§ **Problem to work on**
Each line of the data should be given again exactly.

§ **Records provided**
------------

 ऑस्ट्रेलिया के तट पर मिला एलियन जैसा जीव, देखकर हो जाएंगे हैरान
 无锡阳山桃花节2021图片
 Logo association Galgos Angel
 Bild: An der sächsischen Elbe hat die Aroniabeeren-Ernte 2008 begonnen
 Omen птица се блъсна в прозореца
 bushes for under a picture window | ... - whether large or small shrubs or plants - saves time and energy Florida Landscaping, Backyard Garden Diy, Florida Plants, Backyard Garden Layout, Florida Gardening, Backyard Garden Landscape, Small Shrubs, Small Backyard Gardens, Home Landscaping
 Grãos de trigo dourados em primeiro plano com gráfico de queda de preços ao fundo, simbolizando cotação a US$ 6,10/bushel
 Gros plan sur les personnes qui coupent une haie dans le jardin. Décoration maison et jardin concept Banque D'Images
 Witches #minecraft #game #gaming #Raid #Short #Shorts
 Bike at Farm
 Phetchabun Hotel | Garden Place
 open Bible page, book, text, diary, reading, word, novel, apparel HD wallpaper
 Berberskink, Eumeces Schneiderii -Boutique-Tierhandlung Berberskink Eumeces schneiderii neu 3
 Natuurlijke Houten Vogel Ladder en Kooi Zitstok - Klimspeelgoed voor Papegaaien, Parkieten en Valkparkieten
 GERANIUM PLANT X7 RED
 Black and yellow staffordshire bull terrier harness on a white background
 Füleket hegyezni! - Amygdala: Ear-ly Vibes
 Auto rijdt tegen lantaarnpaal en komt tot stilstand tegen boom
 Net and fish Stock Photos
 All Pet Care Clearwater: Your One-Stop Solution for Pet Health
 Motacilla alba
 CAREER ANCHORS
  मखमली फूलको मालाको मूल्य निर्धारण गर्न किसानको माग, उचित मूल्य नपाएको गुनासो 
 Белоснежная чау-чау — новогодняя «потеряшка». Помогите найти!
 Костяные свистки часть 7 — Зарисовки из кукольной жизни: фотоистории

------------

§ **Answer for the task**
 ऑस्ट्रेलिया के तट पर मिला एलियन जैसा जीव, देखकर हो जाएंगे हैरान
 无锡阳山桃花节2021图片
 Logo association Galgos Angel
 Bild: An der sächsischen Elbe hat die Aroniabeeren-Ernte 2008 begonnen
 Omen птица се блъсна в прозореца
 bushes for under a picture window | ... - whether large or small shrubs or plants - saves time and energy Florida Landscaping, Backyard Garden Diy, Florida Plants, Backyard Garden Layout, Florida Gardening, Backyard Garden Landscape, Small Shrubs, Small Backyard Gardens, Home Landscaping
 Grãos de trigo dourados em primeiro plano com gráfico de queda de preços ao fundo, simbolizando cotação a US$ 6,10/bushel
 Gros plan sur les personnes qui coupent une haie dans le jardin. Décoration maison et jardin concept Banque D'Images
 Witches #minecraft #game #gaming #Raid #Short #Shorts
 Bike at Farm
 Phetchabun Hotel | Garden Place
 open Bible page, book, text, diary, reading, word, novel, apparel HD wallpaper
 Berberskink, Eumeces Schneiderii -Boutique-Tierhandlung Berberskink Eumeces schneiderii neu 3
 Natuurlijke Houten Vogel Ladder en Kooi Zitstok - Klimspeelgoed voor Papegaaien, Parkieten en Valkparkieten
 GERANIUM PLANT X7 RED
 Black and yellow staffordshire bull terrier harness on a white background
 Füleket hegyezni! - Amygdala: Ear-ly Vibes
 Auto rijdt tegen lantaarnpaal en komt tot stilstand tegen boom
 Net and fish Stock Photos
 All Pet Care Clearwater: Your One-Stop Solution for Pet Health
 Motacilla alba
 CAREER ANCHORS
  मखमली फूलको मालाको मूल्य निर्धारण गर्न किसानको माग, उचित मूल्य नपाएको गुनासो 
 Белоснежная чау-чау — новогодняя «потеряшка». Помогите найти!
 Костяные свистки часть 7 — Зарисовки из кукольной жизни: фотоистории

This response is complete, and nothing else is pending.